Hi there, I’ve been trying to build a custom language model for my specific use case since I have a lot of text data to work with. I’m doing this on release 0.6.1.
What I’ve done so far:
- I’ve collected all of my transcriptions into a corpus.txt file, where the only characters are a-z, apostrophes, and whitespace (just like the example under ./data/lm/)
- I’ve collected the native_client.tar.gz binaries for my system (macos) from https://community-tc.services.mozilla.com/tasks/XNAo-uNoT8GU8E43P1PTzQ#artifacts and copied them under data/lm/
- I’ve built a shell script to generate the lm.binary and trie files using the flags I saw in the data/lm/ example:
…/…/DeepSpeech/data/lm/lmplz --order 5 --memory 50% --prune 0 0 1 --arpa words.arpa <corpus.txt
…/…/DeepSpeech/data/lm/build_binary -a 255 -q 8 trie words.arpa lm.binary
…/…/DeepSpeech/data/lm/generate_trie alphabet.txt lm.binary trie - I had to generate the alphabet.txt myself, and this may be the problem, but I guessed it should be a txt file containing a-z, an apostrophe, and a whitespace, all on separate lines.

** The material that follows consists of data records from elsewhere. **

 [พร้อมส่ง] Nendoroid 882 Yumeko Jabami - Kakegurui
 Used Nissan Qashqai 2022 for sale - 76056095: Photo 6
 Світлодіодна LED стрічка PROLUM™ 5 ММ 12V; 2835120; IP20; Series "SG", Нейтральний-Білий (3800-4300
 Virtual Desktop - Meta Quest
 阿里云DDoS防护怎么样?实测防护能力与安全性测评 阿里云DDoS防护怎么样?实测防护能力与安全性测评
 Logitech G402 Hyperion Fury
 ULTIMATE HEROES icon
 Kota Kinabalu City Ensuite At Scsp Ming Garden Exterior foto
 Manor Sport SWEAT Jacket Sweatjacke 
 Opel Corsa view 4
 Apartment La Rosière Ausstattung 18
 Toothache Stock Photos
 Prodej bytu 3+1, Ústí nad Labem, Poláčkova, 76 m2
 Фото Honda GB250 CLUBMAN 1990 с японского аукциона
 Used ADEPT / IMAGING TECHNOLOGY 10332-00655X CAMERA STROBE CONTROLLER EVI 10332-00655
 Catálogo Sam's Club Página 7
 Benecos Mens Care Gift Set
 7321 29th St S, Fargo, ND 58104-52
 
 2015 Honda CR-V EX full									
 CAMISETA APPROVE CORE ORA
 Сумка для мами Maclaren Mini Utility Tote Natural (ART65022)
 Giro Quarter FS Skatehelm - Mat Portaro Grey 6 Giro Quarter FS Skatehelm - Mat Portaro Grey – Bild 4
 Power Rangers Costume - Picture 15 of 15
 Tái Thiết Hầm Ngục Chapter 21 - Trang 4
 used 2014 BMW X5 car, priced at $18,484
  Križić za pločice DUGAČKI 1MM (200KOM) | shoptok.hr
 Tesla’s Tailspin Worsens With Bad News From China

The output I’m getting is stuff like "a a a a a ", “snl shb”, “chrhmbdmshuhyhmf”, while the expected outputs are full paragraphs. The audio files I’m passing in are about 40 seconds each. I’m able to get good outputs using the pre-built lm.binary and trie, so my test setup seems fine.
Does anyone have any ideas what could be going wrong? Is my alphabet.txt set up correctly? Thanks in advance.
edit: the whitespace line in my alphabet.txt didn’t actually have a space in it, so i added that, ran it again, and now my output is a different kind of gibberish, here’s a snippit: …“lad’ng’sle’epr’sar’her’sft’rtr’ken’ort’tre’mll’onur’sof’sle’p’tco’bie’stad’ynmtkhm’han’eou’rre’ire’oer’itlan’ors’lee’hab”…